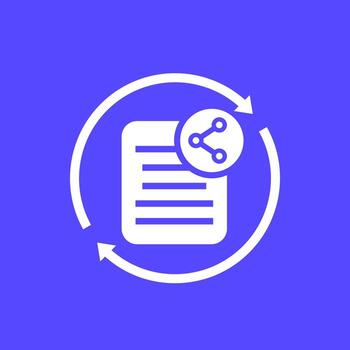 shared document vector icon with arrows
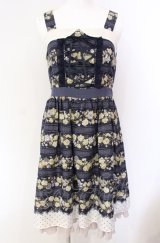 axes femme POETIQUE / バラ×マリンプリントワンピース M ネイビー O-25-08-02-041-AX-OP-OW-OS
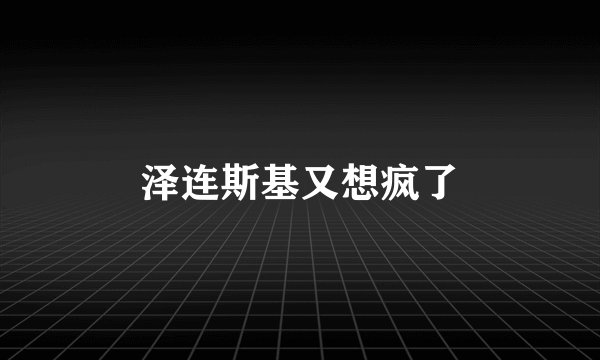 泽连斯基又想疯了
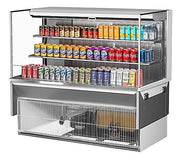 Turbo Air TOM-60L-UF-W-3SI-N 59 7/8" Drop-In Horizontal Open Air Cooler w/ (3) Levels – White Exterior, 115v - Donut-Equipment.com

-=-=-

• What you have to do
The task calls for every line of the data to be returned exactly, without pictures.

• Written answer
 shared document vector icon with arrows
 axes femme POETIQUE / バラ×マリンプリントワンピース M ネイビー O-25-08-02-041-AX-OP-OW-OS
 泽连斯基又想疯了
 Turbo Air TOM-60L-UF-W-3SI-N 59 7/8" Drop-In Horizontal Open Air Cooler w/ (3) Levels – White Exterior, 115v - Donut-Equipment.com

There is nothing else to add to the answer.